(Stored data)
____________________
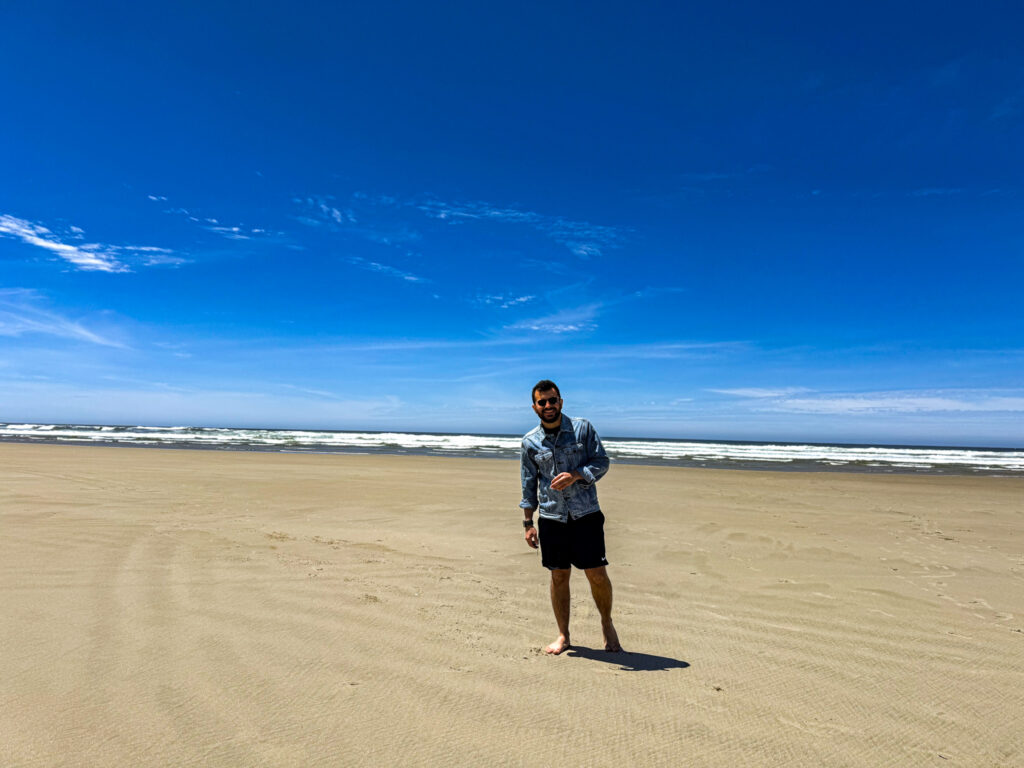 Person standing on a wide sandy beach along the Oregon Coast with the Pacific Ocean in the background.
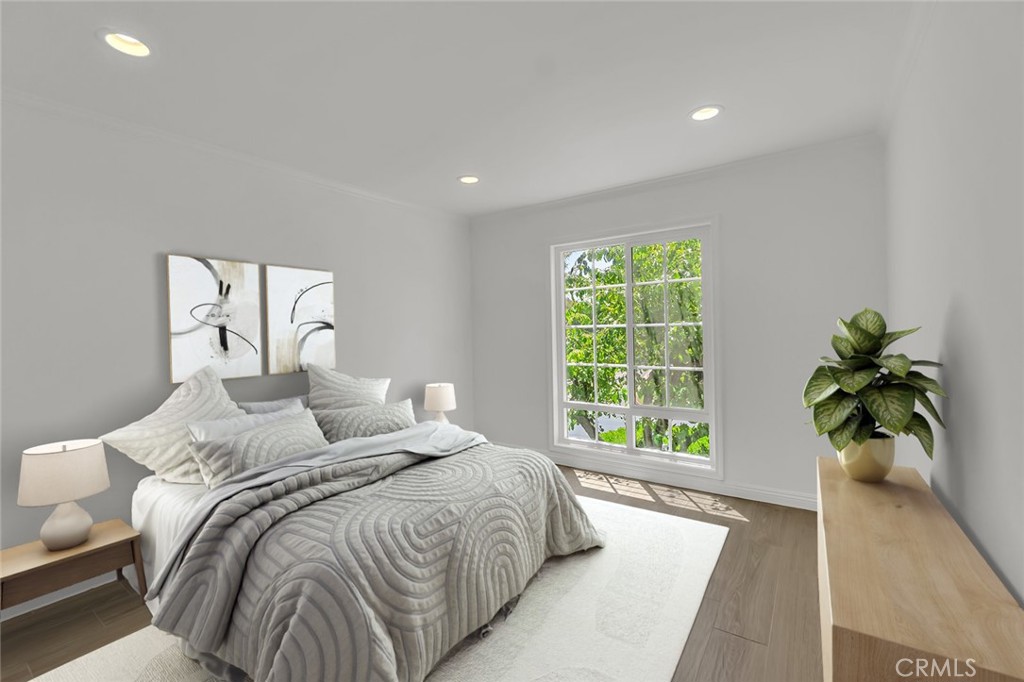 200 McNeil Lane, Unit 204 Newport Beach, CA 92663 - Photo 10 of 28 a bedroom with a bed and a window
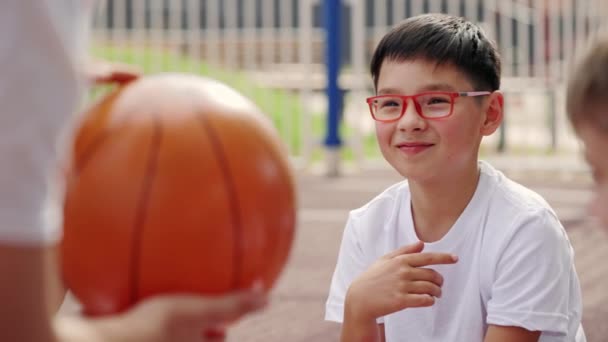 Mały Chłopiec Patrząc Słuchając Zasad Gry Koszykówkę Azjata Okularach Zgadza — Wideo stockowe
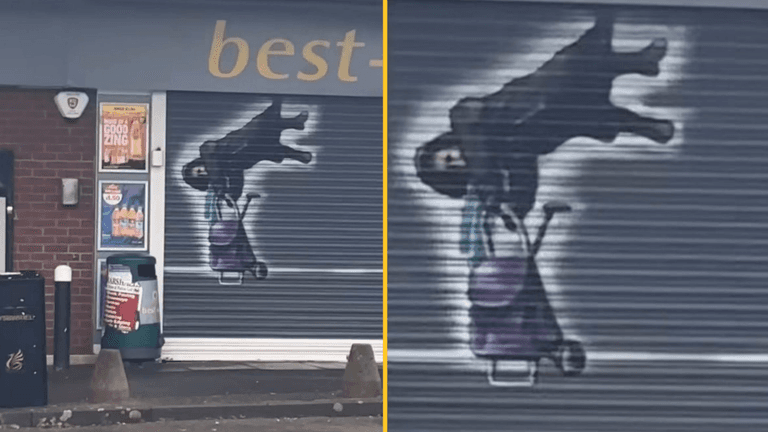Shop honours woman who was left dangling mid-air after being lifted up by shutters Shop honours woman who was left dangling mid-air after being lifted up by shutters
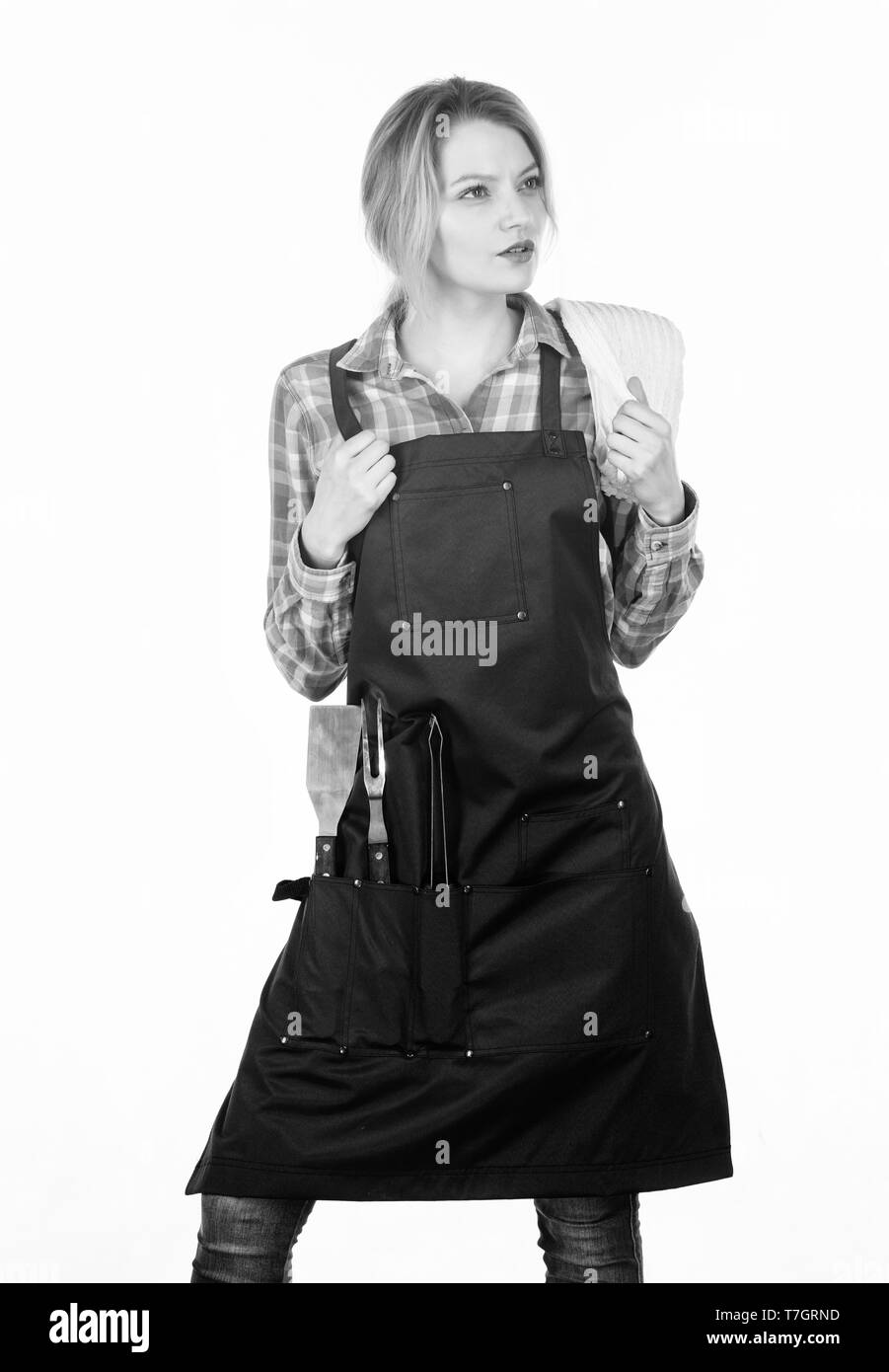 La cottura alla griglia di cibi. La cottura della carne a bassa temperatura per lungo tempo all'aperto. Per picnic e barbecue. La cottura della carne nel parco. Barbecue master. Donna Camicia a scacchi e grembiule per la cottura di sfondo bianco. Foto Stock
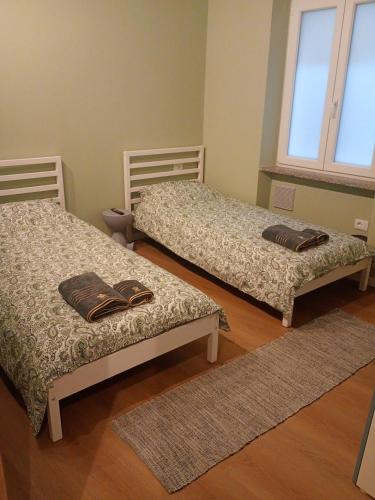 two beds in a room with two rugs at RHouse in Rho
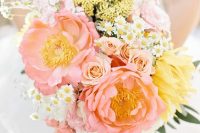 a delicate pastel wedding bouquet of blush, yellow and white blooms and berries plus some leaves for a spring bride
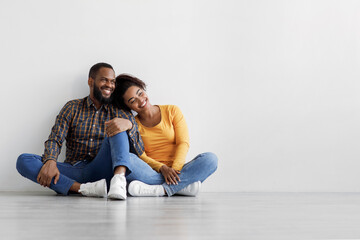 Satisfied young african american male and female sitting on floor on gray wall background, hugging,...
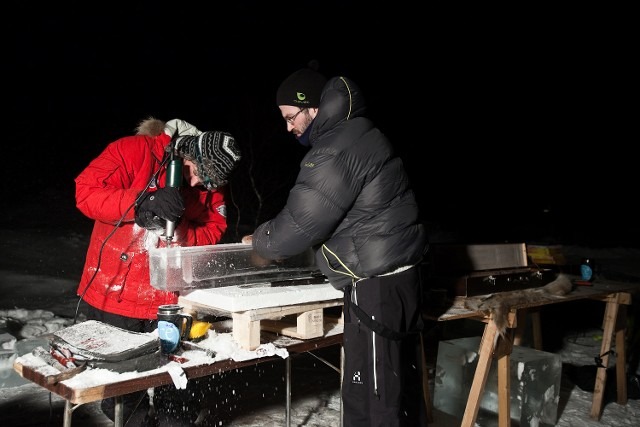 Sculptor using precision power tools to carve a custom ice block structure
____________________
All the records need to be retyped word for word, except for the pictures.

Written response -
 Person standing on a wide sandy beach along the Oregon Coast with the Pacific Ocean in the background.
 200 McNeil Lane, Unit 204 Newport Beach, CA 92663 - Photo 10 of 28 a bedroom with a bed and a window
 Mały Chłopiec Patrząc Słuchając Zasad Gry Koszykówkę Azjata Okularach Zgadza — Wideo stockowe
Shop honours woman who was left dangling mid-air after being lifted up by shutters Shop honours woman who was left dangling mid-air after being lifted up by shutters
 La cottura alla griglia di cibi. La cottura della carne a bassa temperatura per lungo tempo all'aperto. Per picnic e barbecue. La cottura della carne nel parco. Barbecue master. Donna Camicia a scacchi e grembiule per la cottura di sfondo bianco. Foto Stock
 two beds in a room with two rugs at RHouse in Rho
 a delicate pastel wedding bouquet of blush, yellow and white blooms and berries plus some leaves for a spring bride
 Satisfied young african american male and female sitting on floor on gray wall background, hugging,...
 Sculptor using precision power tools to carve a custom ice block structure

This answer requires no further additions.